Adjusted Free Cash Flow Margin: The company expects to maintain strong adjusted free cash flow margins in the mid- to high teens for 2026, with a full-year 2025 adjusted free cash flow margin of 18% to 19%.
Capital Investments: The company has committed to investments in additional data centers and GPU capacity, including 30 megawatts of incremental data center capacity, to support growth in 2026 and beyond.
AI and Digital Native Enterprise Customers: The company is seeing strong demand from AI-native and digital native enterprise customers, with multiple 8-figure committed contracts signed after Q3 2025. AI revenue has more than doubled year-over-year for five consecutive quarters.
Product Innovation: The company continues to innovate its unified agentic cloud platform, introducing features like Spaces Cold Storage and automated storage auto-scaling to support scaling AI and digital native enterprise customers.
Profitability Metrics: The company anticipates delivering high 30s to 40% adjusted EBITDA margins in 2026 while maintaining mid- to high-teens adjusted free cash flow margins.

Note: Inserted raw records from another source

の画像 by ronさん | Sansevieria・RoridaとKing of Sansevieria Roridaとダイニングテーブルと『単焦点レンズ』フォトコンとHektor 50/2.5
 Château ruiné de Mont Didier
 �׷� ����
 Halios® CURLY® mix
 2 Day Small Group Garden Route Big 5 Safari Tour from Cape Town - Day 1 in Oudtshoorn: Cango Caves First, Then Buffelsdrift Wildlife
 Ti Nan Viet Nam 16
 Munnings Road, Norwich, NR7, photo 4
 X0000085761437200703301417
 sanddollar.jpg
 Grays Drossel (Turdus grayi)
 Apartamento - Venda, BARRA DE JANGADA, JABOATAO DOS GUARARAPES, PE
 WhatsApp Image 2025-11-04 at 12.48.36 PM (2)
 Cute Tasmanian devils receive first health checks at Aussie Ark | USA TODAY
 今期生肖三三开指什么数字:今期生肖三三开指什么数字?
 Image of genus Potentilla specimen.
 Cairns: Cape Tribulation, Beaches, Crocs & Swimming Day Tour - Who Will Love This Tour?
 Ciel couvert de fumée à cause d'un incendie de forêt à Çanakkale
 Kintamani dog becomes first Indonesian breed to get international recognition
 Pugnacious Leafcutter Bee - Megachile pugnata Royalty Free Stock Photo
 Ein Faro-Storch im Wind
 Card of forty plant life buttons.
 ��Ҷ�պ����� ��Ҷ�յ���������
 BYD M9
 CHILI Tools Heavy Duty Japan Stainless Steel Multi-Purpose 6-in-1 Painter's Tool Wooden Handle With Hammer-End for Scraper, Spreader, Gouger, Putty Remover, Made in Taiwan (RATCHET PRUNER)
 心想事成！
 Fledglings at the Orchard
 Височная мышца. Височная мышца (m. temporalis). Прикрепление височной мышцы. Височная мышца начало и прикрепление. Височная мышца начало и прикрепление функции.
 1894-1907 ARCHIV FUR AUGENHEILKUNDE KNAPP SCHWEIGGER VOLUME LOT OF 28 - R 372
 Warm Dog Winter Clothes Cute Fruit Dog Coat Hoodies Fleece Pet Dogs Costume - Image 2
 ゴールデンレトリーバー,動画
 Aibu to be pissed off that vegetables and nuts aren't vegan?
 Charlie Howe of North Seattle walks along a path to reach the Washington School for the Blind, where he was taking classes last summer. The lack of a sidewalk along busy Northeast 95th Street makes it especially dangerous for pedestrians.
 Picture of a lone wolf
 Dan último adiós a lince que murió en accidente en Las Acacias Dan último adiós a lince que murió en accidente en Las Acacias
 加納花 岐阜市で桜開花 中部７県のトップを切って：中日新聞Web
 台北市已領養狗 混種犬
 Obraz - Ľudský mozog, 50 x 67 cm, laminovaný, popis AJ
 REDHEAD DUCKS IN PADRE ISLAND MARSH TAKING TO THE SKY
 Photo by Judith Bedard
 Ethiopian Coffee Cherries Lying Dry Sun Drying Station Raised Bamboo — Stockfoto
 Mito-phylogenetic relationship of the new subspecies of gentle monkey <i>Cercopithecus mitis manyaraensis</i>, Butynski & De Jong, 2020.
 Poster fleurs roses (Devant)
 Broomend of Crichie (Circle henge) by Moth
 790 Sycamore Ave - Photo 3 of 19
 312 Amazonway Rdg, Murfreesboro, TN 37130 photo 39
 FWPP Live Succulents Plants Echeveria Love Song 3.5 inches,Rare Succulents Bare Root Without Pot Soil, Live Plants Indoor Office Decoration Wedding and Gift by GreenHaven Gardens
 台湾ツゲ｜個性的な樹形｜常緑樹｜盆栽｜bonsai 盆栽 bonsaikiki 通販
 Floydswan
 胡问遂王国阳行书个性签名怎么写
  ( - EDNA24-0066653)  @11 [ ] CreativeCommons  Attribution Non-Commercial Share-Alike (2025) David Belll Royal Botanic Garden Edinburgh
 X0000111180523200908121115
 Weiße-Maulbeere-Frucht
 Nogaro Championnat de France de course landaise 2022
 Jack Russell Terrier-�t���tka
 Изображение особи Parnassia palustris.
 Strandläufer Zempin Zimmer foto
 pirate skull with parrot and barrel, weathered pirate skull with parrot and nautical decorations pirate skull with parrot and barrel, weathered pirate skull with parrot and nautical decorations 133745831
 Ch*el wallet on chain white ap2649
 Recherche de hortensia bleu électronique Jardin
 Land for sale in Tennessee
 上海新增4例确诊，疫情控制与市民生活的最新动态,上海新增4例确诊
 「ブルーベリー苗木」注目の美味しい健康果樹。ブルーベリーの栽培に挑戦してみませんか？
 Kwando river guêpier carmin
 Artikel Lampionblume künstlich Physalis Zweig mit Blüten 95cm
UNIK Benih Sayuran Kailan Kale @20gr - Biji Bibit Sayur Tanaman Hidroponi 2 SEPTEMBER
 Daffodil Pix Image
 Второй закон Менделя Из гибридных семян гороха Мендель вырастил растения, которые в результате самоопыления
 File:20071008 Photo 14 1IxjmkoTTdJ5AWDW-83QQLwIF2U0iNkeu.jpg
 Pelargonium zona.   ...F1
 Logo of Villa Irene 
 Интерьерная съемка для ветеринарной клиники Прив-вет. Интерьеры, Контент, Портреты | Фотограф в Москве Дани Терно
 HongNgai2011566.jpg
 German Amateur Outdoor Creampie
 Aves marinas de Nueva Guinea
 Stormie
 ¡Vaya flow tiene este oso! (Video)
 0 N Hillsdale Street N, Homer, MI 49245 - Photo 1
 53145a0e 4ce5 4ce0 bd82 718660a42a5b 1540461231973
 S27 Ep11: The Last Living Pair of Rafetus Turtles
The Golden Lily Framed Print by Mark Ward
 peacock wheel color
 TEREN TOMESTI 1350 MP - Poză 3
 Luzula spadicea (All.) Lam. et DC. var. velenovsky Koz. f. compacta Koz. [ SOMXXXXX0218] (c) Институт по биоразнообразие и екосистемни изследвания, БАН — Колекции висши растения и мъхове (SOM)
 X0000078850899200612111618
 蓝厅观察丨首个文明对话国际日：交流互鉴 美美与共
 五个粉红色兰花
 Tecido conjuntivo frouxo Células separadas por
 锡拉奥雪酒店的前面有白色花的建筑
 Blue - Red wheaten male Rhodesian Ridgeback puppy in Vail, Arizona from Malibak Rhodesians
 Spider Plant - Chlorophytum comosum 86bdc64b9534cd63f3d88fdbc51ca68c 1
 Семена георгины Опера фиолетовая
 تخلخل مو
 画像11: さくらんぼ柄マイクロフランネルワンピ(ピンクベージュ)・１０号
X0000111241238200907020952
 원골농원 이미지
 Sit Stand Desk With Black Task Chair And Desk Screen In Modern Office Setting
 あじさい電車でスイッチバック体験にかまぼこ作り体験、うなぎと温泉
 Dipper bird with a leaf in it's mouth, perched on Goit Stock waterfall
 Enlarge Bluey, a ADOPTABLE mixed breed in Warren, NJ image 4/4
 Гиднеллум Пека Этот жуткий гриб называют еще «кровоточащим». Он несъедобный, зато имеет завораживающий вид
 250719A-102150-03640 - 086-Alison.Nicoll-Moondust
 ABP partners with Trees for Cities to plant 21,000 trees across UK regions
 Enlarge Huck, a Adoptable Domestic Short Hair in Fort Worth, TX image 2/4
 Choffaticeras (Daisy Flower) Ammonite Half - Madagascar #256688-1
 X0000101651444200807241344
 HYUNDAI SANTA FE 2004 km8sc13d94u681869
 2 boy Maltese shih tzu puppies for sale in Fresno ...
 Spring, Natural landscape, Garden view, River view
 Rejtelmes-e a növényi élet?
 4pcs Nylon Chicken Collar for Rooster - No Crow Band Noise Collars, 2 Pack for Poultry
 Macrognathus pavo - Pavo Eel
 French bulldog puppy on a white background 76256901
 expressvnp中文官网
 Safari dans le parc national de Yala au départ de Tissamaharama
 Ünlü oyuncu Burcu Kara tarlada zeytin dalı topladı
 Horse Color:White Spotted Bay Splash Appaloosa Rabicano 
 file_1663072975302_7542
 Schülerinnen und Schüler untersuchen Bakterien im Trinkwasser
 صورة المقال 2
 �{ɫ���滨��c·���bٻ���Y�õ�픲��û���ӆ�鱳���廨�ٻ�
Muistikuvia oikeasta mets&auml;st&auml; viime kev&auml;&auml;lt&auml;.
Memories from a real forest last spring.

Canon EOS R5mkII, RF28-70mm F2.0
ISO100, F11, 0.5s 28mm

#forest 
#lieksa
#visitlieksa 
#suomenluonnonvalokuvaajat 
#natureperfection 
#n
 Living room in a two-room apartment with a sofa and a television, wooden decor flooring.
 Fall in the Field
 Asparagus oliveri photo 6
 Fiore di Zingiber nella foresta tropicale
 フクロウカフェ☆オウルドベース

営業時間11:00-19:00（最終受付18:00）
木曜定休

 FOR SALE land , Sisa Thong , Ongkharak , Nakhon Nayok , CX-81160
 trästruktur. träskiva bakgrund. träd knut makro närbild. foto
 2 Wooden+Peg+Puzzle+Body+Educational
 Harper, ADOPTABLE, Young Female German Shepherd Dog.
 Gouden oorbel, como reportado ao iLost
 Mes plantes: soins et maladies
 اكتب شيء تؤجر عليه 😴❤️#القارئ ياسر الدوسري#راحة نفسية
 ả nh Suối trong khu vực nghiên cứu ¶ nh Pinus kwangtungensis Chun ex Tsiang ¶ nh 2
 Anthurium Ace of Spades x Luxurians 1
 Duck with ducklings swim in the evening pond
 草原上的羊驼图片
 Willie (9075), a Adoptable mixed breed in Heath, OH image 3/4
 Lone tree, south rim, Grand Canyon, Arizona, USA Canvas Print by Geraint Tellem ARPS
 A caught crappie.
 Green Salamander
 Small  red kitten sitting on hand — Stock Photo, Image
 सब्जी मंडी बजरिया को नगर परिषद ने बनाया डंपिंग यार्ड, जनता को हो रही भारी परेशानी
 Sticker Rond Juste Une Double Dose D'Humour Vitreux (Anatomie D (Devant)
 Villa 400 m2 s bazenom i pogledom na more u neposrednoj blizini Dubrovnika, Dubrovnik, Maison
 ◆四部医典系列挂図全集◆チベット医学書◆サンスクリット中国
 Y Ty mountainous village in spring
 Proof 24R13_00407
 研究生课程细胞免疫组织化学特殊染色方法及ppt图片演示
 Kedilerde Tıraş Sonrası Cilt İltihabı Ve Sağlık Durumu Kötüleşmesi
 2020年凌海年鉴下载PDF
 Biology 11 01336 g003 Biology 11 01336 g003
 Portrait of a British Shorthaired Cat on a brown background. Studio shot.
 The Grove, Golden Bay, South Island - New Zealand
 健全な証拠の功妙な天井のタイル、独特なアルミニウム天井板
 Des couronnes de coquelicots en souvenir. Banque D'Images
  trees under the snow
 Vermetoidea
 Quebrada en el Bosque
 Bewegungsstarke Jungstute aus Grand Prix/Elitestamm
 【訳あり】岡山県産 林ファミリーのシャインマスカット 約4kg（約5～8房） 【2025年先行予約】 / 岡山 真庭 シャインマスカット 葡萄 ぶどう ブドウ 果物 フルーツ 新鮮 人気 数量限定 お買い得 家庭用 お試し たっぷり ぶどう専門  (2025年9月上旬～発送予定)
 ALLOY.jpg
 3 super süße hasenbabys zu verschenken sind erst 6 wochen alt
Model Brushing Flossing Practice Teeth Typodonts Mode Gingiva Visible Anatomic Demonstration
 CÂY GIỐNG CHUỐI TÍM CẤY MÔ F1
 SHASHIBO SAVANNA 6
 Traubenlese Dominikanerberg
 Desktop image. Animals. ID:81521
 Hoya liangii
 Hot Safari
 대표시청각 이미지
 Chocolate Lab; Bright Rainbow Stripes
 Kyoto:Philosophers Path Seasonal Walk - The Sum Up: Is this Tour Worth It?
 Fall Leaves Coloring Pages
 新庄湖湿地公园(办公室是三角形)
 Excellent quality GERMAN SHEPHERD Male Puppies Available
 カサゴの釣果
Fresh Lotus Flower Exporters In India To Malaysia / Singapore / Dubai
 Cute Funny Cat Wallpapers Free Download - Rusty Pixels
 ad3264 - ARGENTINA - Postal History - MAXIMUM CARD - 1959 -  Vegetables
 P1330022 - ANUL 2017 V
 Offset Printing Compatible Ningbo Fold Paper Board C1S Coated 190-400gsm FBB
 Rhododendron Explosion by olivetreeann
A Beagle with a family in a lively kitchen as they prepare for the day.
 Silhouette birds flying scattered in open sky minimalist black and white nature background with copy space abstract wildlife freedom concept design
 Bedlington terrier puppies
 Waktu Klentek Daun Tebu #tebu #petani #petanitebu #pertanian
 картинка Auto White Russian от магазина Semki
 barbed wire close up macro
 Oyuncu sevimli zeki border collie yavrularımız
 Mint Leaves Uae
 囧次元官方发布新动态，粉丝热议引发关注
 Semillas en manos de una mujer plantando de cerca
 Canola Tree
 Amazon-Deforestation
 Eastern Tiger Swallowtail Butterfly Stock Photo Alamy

Share Repurchase Program: We repurchased $2.9 million of shares in Q3, buying back approximately 101,000 shares, bringing our cumulative share repurchase since IPO to $1.6 billion and 34.9 million shares through September 30, 2025. These Q3 repurchases completed our 2024 buyback program, and we will operate our repurchase program through July 31, 2027, under the new $100 million authorization we announced during the quarter.
DigitalOcean's earnings call highlights strong financial performance with raised revenue and free cash flow guidance, improved gross margin, and significant growth in AI/ML revenue. The Q&A section reveals positive sentiment towards AI-driven growth and strategic focus on customer needs. Despite some uncertainties in CapEx and free cash flow specifics, the overall outlook is optimistic with durable revenue growth and attractive margins, suggesting a positive stock price movement.
The earnings call presents a positive outlook with strong AI ARR growth, record incremental ARR, and balanced growth between AI and core cloud. Despite mixed impacts on NDR, the company raised guidance and achieved high ARR. Encouraging AI business margins and strategic investments further bolster the positive sentiment. The market strategy and shareholder return plan show a focus on growth and stability, with a slight reduction in share repurchases to address outstanding convert. Overall, the positive elements outweigh the concerns, suggesting a positive stock price movement.